→ **Work to be completed**
Skip all pictures. Set down only the lines starting at the line containing "Fresca Grey Oak Bathroom Linen Side Cabinet" and running to the end of the listing.

→ **Data listing**
BEGIN

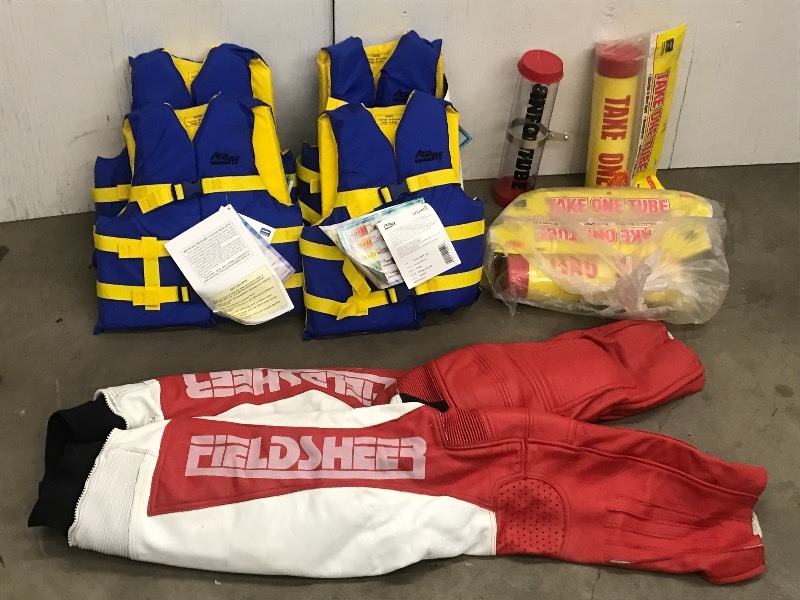 lot 62 image: (4) Youth Life Vests, Take-One Tubes, Leather Motorcycle Padded Pants
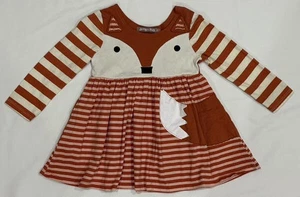 Jelly the Pug Toddler Girl Striped Fox Dress Size 2T Worn Once! - Picture 1 of 5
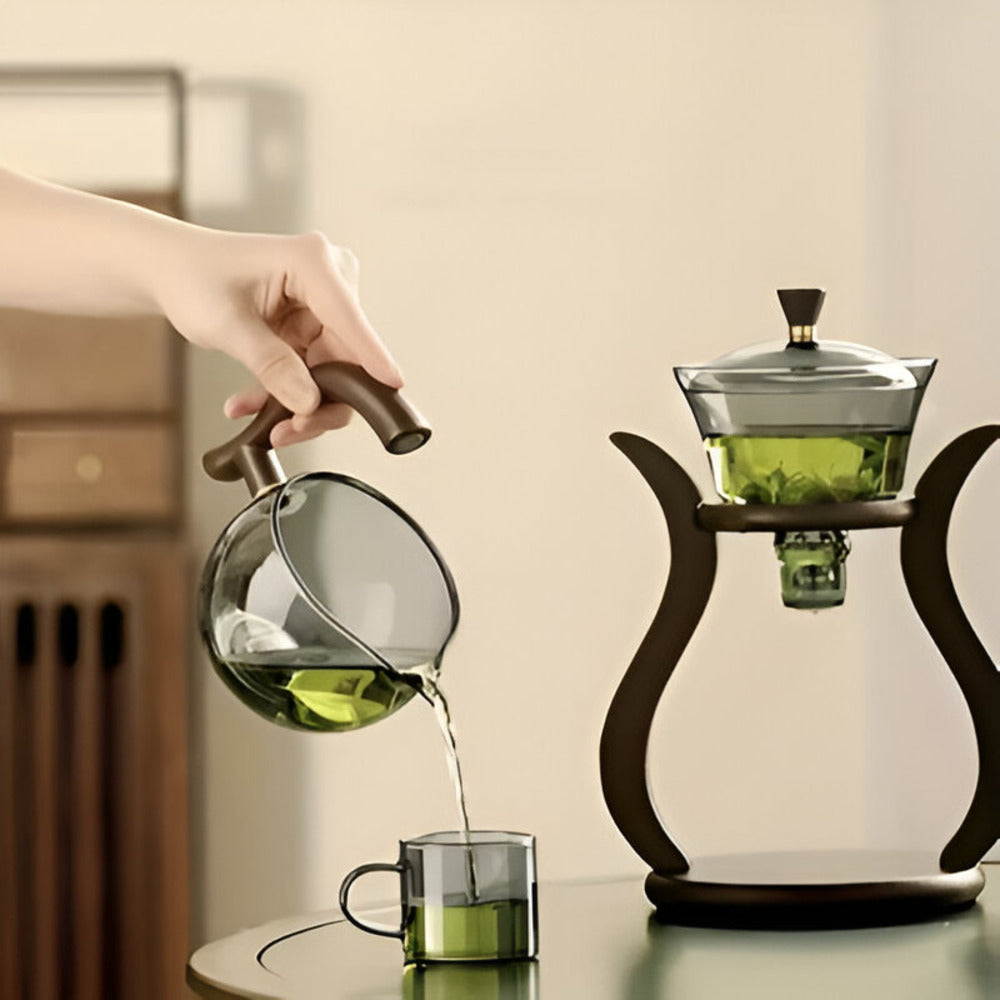 Infuseur à thé en verre avec support en bois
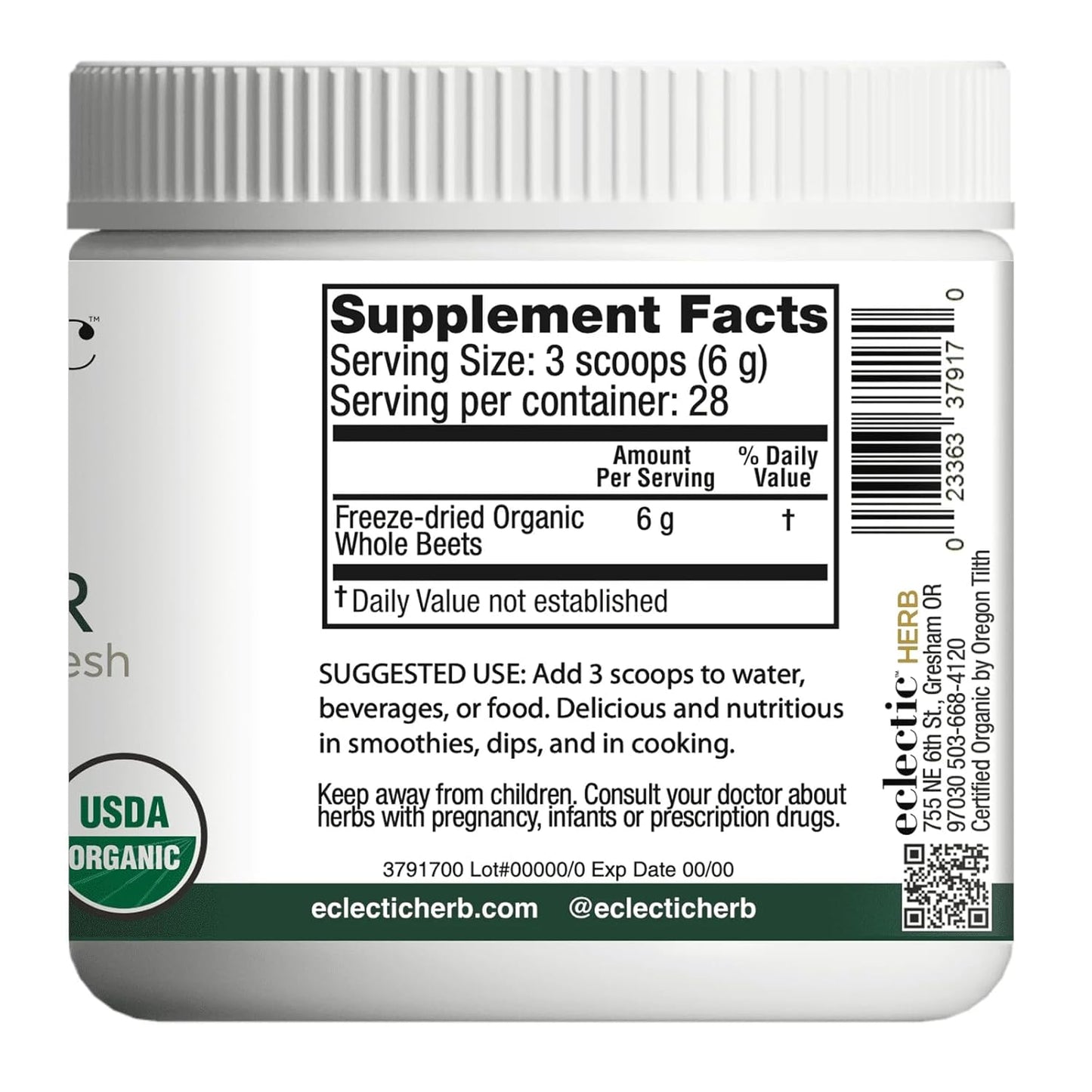 Organic Eclectic Herb Beet Juice Powder - 170g, Natural Energy Boost & Antioxidant Support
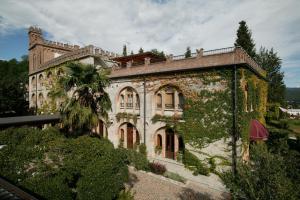 チヴィダーレ・デル・フリウーリにあるLocanda al Castello Wellness Resortのヤシの木が目の前に広い建物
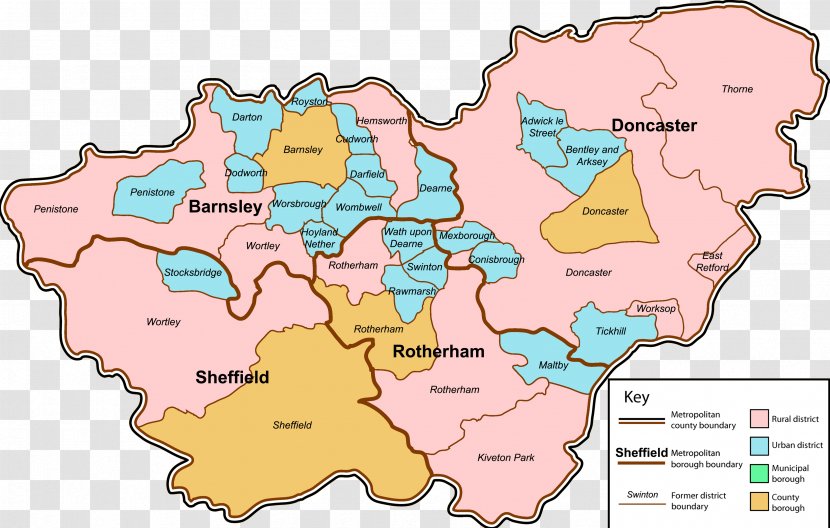 North Yorkshire Sheffield West Civil Parish Metropolitan County - Borough - Map Transparent PNG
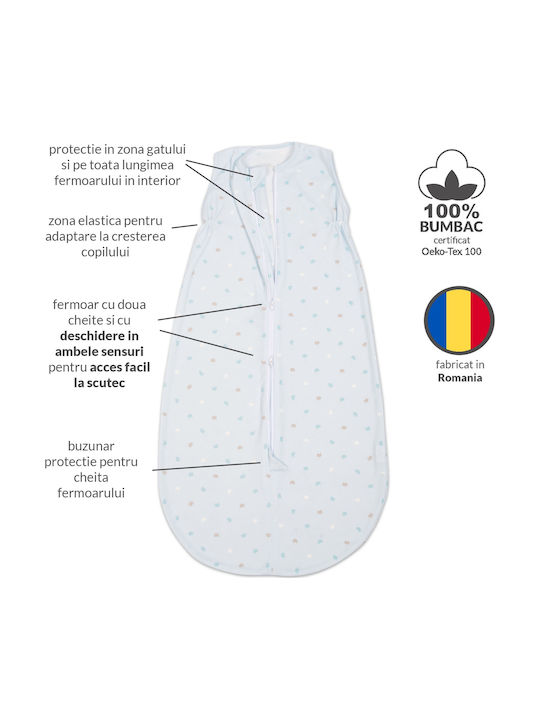 Kidizi Vara Sac de dormit 0.5 tog Albastru deschis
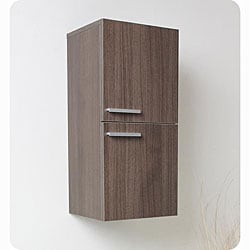 Fresca Grey Oak Bathroom Linen Side Cabinet
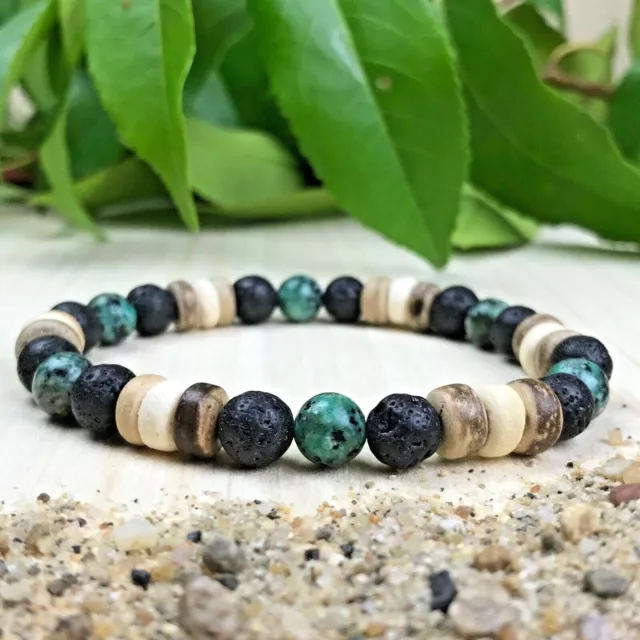 Bracelet Mixte Turquoise d'Afrique pierres de lave Bois Cocotier Taille au choix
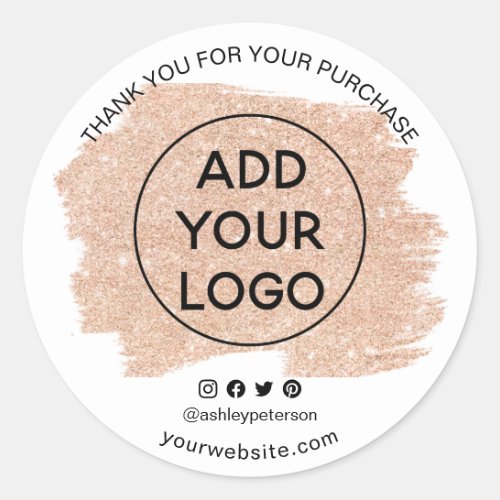 Thank you order logo rose brushstroke social media classic round sticker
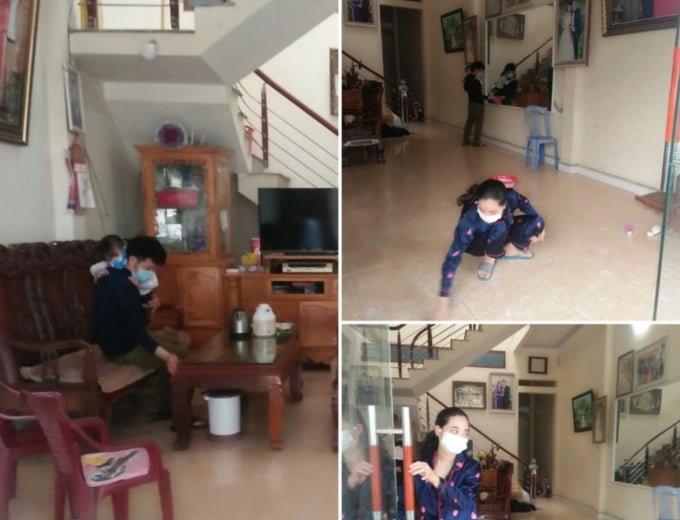 Gia đình chị Đỗ Thị T được hướng dẫn cách vệ sinh, khử trùng và cách ly tại chỗ trong 14 ngày. Ảnh: Trung tâm Kiểm soát bệnh tật tỉnh Lào Cai. 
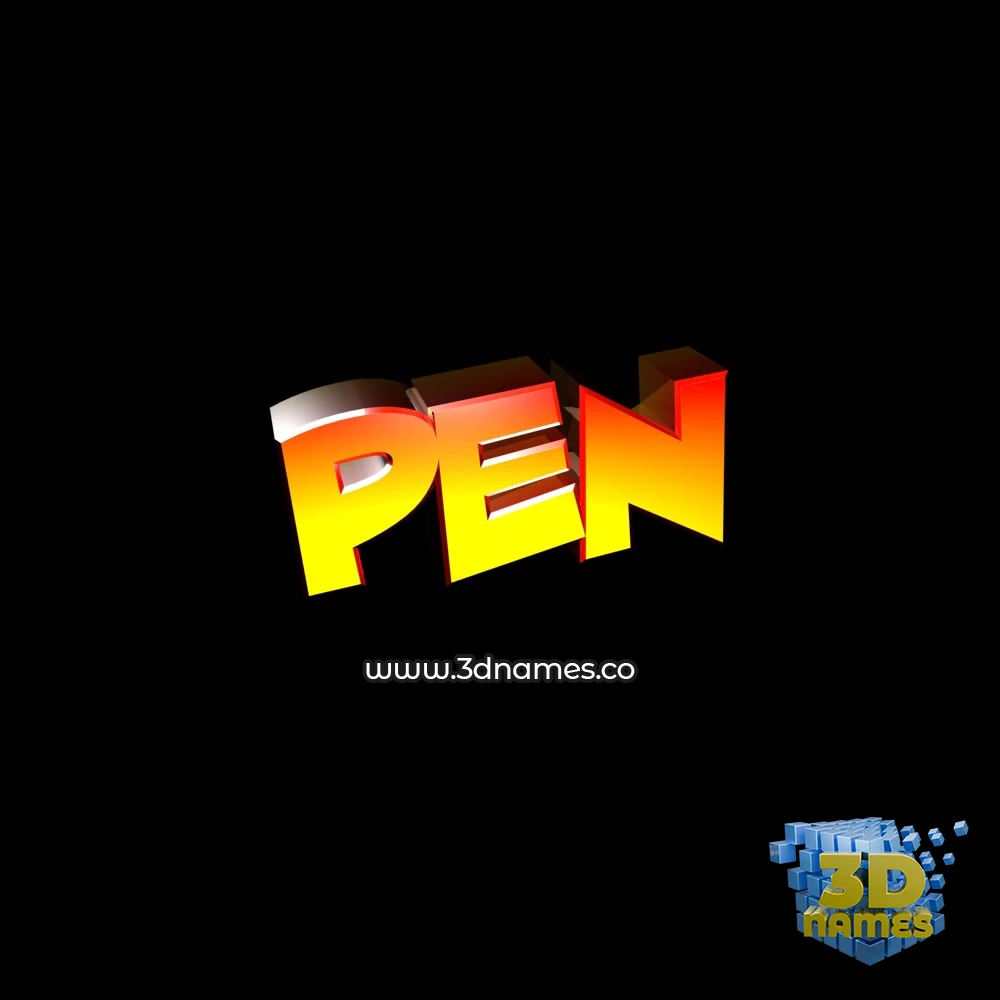 pen in Black Background style - 3D name wallpaper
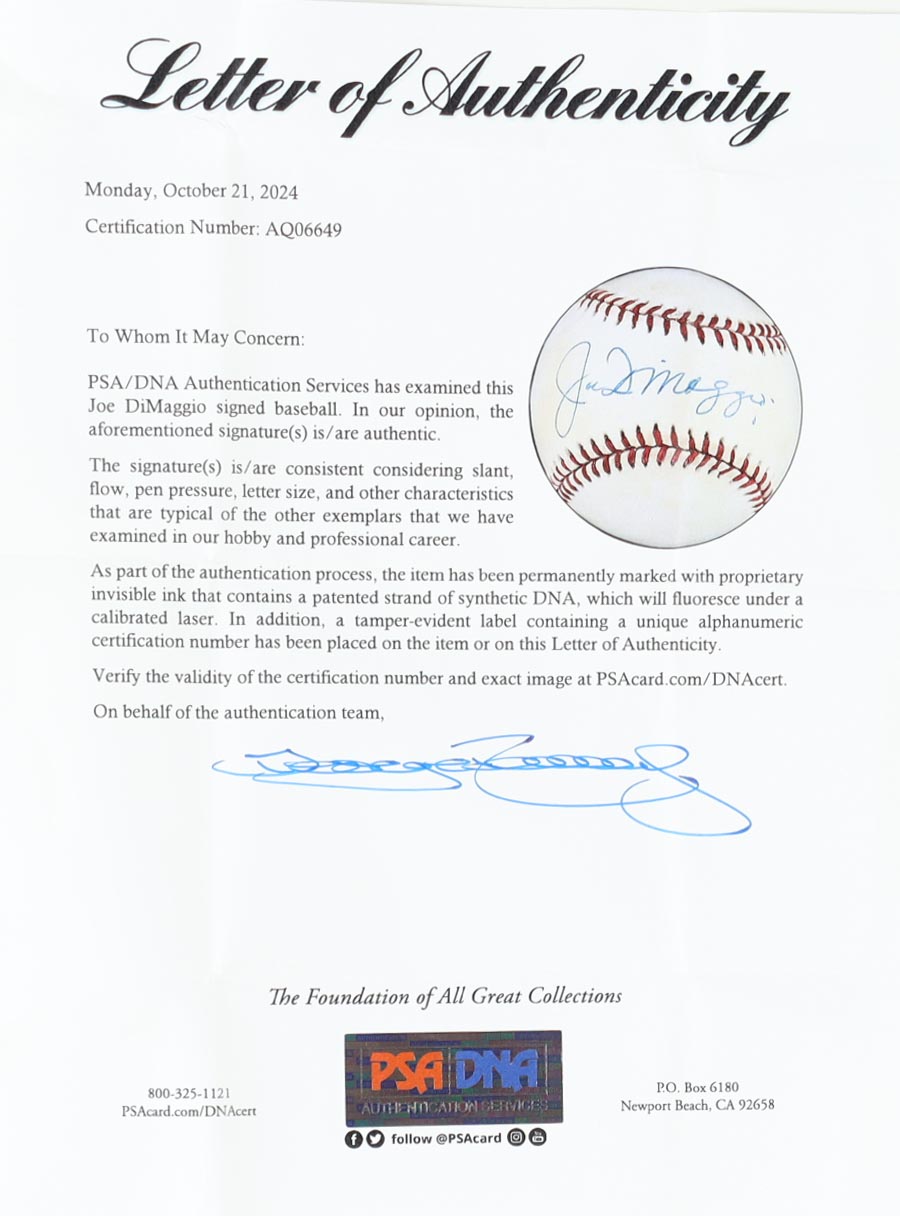 Joe DiMaggio Signed OAL Baseball With Display Case (PSA) at PristineAuction.com Joe DiMaggio Signed OAL Baseball With Display Case (PSA) at PristineAuction.com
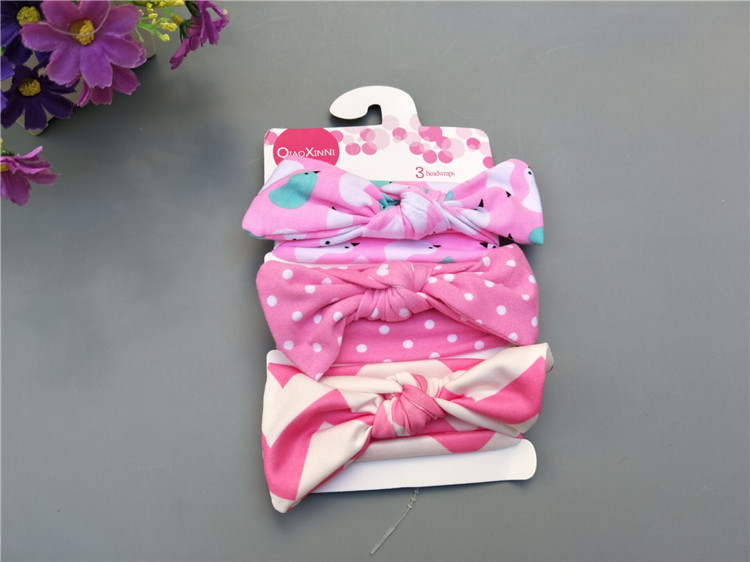 3pcs/set Baby Headband Girls Hair Accessories Cotton Rabbit Ear Turban Bow Elastic Hairband Princess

END

→ **Result below**
 Fresca Grey Oak Bathroom Linen Side Cabinet
 Bracelet Mixte Turquoise d'Afrique pierres de lave Bois Cocotier Taille au choix
 Thank you order logo rose brushstroke social media classic round sticker
 Gia đình chị Đỗ Thị T được hướng dẫn cách vệ sinh, khử trùng và cách ly tại chỗ trong 14 ngày. Ảnh: Trung tâm Kiểm soát bệnh tật tỉnh Lào Cai. 
 pen in Black Background style - 3D name wallpaper
 Joe DiMaggio Signed OAL Baseball With Display Case (PSA) at PristineAuction.com Joe DiMaggio Signed OAL Baseball With Display Case (PSA) at PristineAuction.com
 3pcs/set Baby Headband Girls Hair Accessories Cotton Rabbit Ear Turban Bow Elastic Hairband Princess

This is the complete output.